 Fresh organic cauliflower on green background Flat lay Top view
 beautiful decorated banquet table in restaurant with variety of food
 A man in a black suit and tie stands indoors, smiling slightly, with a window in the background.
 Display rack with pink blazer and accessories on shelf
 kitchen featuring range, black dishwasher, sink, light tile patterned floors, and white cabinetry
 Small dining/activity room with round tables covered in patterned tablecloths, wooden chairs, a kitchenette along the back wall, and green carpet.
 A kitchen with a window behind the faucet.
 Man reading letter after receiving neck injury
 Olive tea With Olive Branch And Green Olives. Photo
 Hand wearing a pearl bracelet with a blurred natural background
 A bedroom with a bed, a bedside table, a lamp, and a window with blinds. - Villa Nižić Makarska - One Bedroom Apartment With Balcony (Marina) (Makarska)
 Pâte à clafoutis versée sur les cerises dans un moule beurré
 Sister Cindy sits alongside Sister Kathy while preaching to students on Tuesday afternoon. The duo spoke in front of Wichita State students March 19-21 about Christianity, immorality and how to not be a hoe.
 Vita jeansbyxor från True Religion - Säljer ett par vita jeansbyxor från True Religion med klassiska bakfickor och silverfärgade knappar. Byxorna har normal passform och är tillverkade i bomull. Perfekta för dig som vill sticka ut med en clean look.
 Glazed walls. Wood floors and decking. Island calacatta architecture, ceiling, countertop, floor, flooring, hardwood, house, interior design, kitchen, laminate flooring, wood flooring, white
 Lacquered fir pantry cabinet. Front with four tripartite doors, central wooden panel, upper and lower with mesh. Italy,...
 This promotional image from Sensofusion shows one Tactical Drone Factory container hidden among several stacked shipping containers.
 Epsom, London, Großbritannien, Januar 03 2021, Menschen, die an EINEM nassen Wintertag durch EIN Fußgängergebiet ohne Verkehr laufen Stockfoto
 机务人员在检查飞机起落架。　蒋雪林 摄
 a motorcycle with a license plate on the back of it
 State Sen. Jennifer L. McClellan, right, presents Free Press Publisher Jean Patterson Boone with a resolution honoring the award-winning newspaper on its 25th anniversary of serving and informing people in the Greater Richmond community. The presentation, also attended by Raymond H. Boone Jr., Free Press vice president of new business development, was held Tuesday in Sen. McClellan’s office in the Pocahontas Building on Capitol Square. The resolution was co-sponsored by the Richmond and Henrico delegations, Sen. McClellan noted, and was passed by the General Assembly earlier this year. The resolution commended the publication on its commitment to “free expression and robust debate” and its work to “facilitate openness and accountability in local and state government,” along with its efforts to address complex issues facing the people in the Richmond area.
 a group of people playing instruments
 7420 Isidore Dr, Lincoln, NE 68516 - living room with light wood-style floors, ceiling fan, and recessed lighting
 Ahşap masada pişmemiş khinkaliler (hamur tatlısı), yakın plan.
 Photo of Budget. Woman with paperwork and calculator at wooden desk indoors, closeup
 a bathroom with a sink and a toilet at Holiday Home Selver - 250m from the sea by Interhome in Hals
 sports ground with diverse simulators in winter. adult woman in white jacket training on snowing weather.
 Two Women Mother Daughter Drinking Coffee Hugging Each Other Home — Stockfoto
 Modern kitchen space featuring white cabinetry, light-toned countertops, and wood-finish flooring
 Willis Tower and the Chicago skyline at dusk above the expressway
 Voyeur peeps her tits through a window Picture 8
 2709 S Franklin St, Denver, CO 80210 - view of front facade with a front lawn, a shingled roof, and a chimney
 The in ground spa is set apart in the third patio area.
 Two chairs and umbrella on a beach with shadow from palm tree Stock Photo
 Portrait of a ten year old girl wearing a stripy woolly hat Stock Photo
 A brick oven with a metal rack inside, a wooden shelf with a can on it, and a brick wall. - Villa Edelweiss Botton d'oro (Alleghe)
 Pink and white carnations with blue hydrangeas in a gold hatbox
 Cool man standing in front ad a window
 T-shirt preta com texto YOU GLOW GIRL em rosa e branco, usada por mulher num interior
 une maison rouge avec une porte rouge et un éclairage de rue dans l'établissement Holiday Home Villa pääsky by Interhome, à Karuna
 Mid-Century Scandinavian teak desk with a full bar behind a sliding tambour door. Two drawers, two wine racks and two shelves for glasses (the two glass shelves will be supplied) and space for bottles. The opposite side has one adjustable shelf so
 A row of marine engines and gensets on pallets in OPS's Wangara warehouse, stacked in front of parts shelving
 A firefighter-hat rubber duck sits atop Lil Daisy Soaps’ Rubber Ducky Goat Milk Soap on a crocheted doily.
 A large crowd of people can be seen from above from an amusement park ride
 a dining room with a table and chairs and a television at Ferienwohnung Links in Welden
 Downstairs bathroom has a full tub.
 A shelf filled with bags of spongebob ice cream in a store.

--

> _WHAT THE TASK REQUIRES_
Count the lines in the preceding entries that contain the string "cabinetry", and state only the resulting number.

> _ANSWER SPACE_
2